ISLAMABAD, June 29: Electricity consumers in the country, excluding Karachi, are facing over 700mw of un-announced loadshedding daily in peak hours for the last few days owing to power generation and transmission capacity constraints, it is learnt.
A senior Wapda official confirmed on telephone from Lahore that a major shortage of over 500mw was because of transmission and disbursement constraints and another 200mw shortage was because of generation capacity constraints.
Wapda sources said the shortage would further go up next year as no power generation project was scheduled to be completed before next fiscal year.
An official said President Musharraf had last year allowed Wapda to set up three power plants of 450-mw each in Faisalabad, Nandipur and Chichuki Malyan by raising loans from the market but the ministry of water and power and prime minister’s secretariat changed the decision, quoting the government’s covenants with the World Bank that barred Wapda from installing thermal stations.
However, recently Wapda has been allowed to install in Chichuki Malyan a 450-mw thermal power plant on emergency basis, for which tenders have been advertised in the newspapers.
The official said one reason for not allowing Wapda to set up plants was that the cost of a megawatt of electricity produced by the plants was estimated at about $0.7 million compared with private sector’s cost of over $1 million, that could have opened a new debate on faulty power policy.
There are at least four major areas where demand is much higher but power cannot be transmitted due to capacity constraints in terms of transmission lines and grid stations.
For example, 500kv grid stations of Lahore-Sheikhupura, Gatti-Faisalabad, Islamabad-Rawat and Tarbela are overloaded, resulting in loadshedding in the rural areas of Lahore, Sheikhupura, Faisalabad, Rawalpindi-Islamabad and Azad Kashmir.
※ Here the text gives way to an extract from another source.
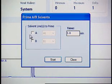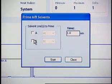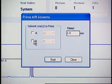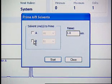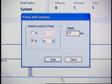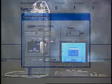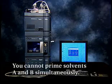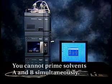Select Solvent A or B and then complete these selections. If you selected solvent A, select either A1 or A2. If you selected solvent B, select either B1 or B2. When priming with a syringe, select only one solvent — A or B. You cannot prime solvents A and B simultaneously.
Telephone contacts in Bagh and Rawalakot areas of Azad Kashmir tell that power supply remains suspended there for over five hours a day for the last many days, usually in peak hours.
The official said on Monday maximum power supply stood at about 13,070mw and total demand at about 13,900-mw.
Additional 400mw of power was available in the system but could not be transmitted due to grid capacity constraints, he added.
He said most of the thermal plants both in public and private sectors were providing maximum supply but hydel production was about 5,000mw against the capacity of about 6,600mw due to low water releases from dams for irrigation.
The sources said there were two reasons for suspending electricity supply to rural areas. First, to ensure uninterrupted supply to industrial and commercial consumers, most of which were in urban centres.
Secondly, because power distribution companies charge much lower tariffs from domestic consumers whose majority lives in rural areas. Thus, by suspending supply to rural areas on priority, Wapda’s revenue loss remains minimal.
For example, a shut down of 100 units in a city will cause a revenue loss of about Rs500 compared to Rs270 in a rural area.
The official said the rise in electricity demand has increased by about 12 per cent during the 2005-06 fiscal compared with a normal 5-6 per cent growth in the last six years.
Last year, the demand growth was more than eight per cent, he said.
He said that major growth in consumption was mainly because of over 20 per cent growth in household and commercial use due to increasing use of electric appliances like airconditioners and fridges as a result of leasing facilities available for consumer goods.